Key observations: - The sample is predominantly female and concentrated in the 18–35 age range. - Most respondents hold a high school diploma or some college education.


5 Satisfaction Item Analysis

5.1 Mean Ratings per Item

df_sat %>%
  summarise(across(everything(), mean)) %>%
  pivot_longer(everything(), names_to = "Item", values_to = "Mean") %>%
  arrange(desc(Mean)) %>%
  ggplot(aes(x = reorder(Item, Mean), y = Mean, fill = Mean)) +
  geom_col(width = 0.7) +
  geom_text(aes(label = round(Mean, 2)), hjust = -0.2, size = 3.5) +
  coord_flip() +
  scale_fill_gradient(low = "#AED6F1", high = "#1A5276") +
  labs(title = "Average Rating per Survey Item",
       subtitle = "Higher values indicate higher ratings on each scale",
       x = NULL, y = "Mean Score") +
  theme_minimal(base_size = 12) +
  theme(legend.position = "none") +
  ylim(0, max(colMeans(df_sat)) * 1.2)

5.2 Response Distribution (Stacked Bar)

df_sat %>%
  pivot_longer(everything(), names_to = "Item", values_to = "Rating") %>%
  mutate(Rating = factor(Rating)) %>%
  count(Item, Rating) %>%
  group_by(Item) %>%
  mutate(pct = n / sum(n)) %>%
  ggplot(aes(x = Item, y = pct, fill = Rating)) +
  geom_col(position = "fill", width = 0.7) +
  coord_flip() +
  scale_y_continuous(labels = percent_format()) +
  scale_fill_brewer(palette = "Blues", direction = 1) +
  labs(title = "Response Distribution per Item",
       x = NULL, y = "Proportion", fill = "Rating") +
  theme_minimal(base_size = 12)


6 Correlation Analysis

cor_matrix <- cor(df_sat, use = "complete.obs", method = "spearman")

ggcorrplot(cor_matrix,
           method = "circle",
           type = "lower",
           lab = TRUE,
           lab_size = 3,
           colors = c("#D32F2F", "white", "#1565C0"),
           title = "Spearman Correlations Between Satisfaction Items",
           ggtheme = theme_minimal(base_size = 11))

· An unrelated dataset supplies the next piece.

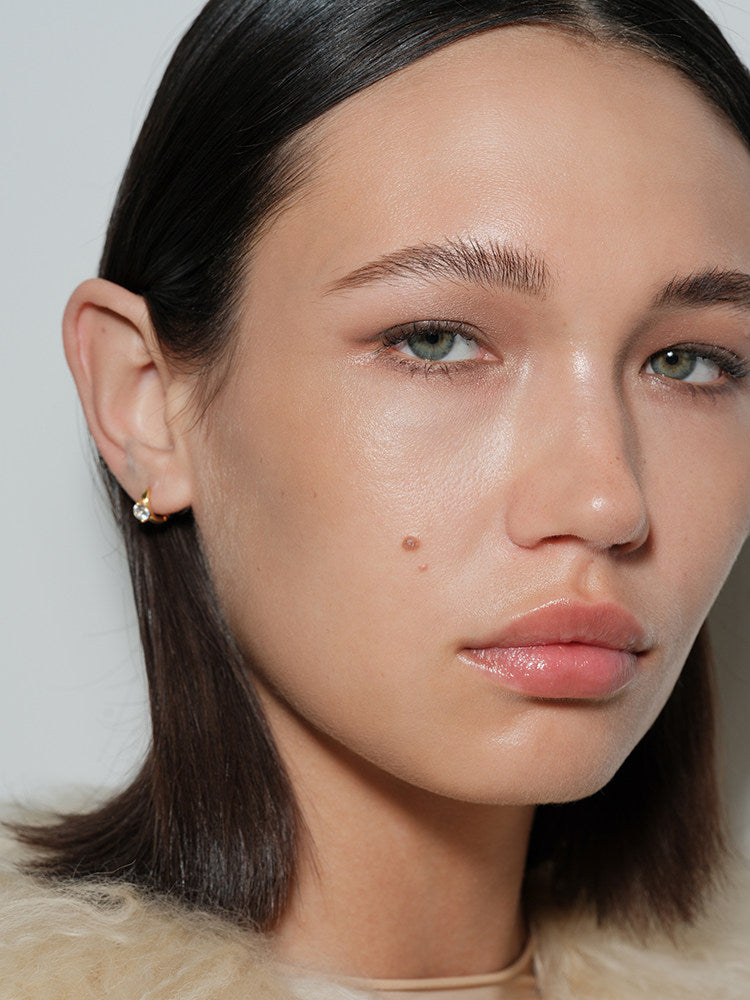Mini Diamond Ring Rhinestone Ear Cuff Zircon French Minimalist Earrings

Spearman rank correlation is used here because all items are measured on ordinal (Likert) scales. Strong positive correlations suggest items that tend to move together across respondents.


7 Demographic Group Comparisons

7.1 Satisfaction by Gender

df %>%
  select(Gender_f, all_of(satisfaction_vars)) %>%
  pivot_longer(-Gender_f, names_to = "Item", values_to = "Score") %>%
  group_by(Gender_f, Item) %>%
  summarise(Mean = mean(Score), .groups = "drop") %>%
  ggplot(aes(x = Item, y = Mean, fill = Gender_f)) +
  geom_col(position = "dodge", width = 0.7) +
  coord_flip() +
  scale_fill_manual(values = c("#4E79A7", "#F28E2B")) +
  labs(title = "Mean Satisfaction Scores by Gender",
       x = NULL, y = "Mean Score", fill = "Gender") +
  theme_minimal(base_size = 12)

7.2 Satisfaction by Age Group

df %>%
  select(Age_f, all_of(satisfaction_vars)) %>%
  pivot_longer(-Age_f, names_to = "Item", values_to = "Score") %>%
  group_by(Age_f, Item) %>%
  summarise(Mean = mean(Score), .groups = "drop") %>%
  ggplot(aes(x = Item, y = Mean, fill = Age_f)) +
  geom_col(position = "dodge", width = 0.7) +
  coord_flip() +
  scale_fill_brewer(palette = "Set2") +
  labs(title = "Mean Satisfaction Scores by Age Group",
       x = NULL, y = "Mean Score", fill = "Age Group") +
  theme_minimal(base_size = 12)


8 Customer Segmentation (K-Means Clustering)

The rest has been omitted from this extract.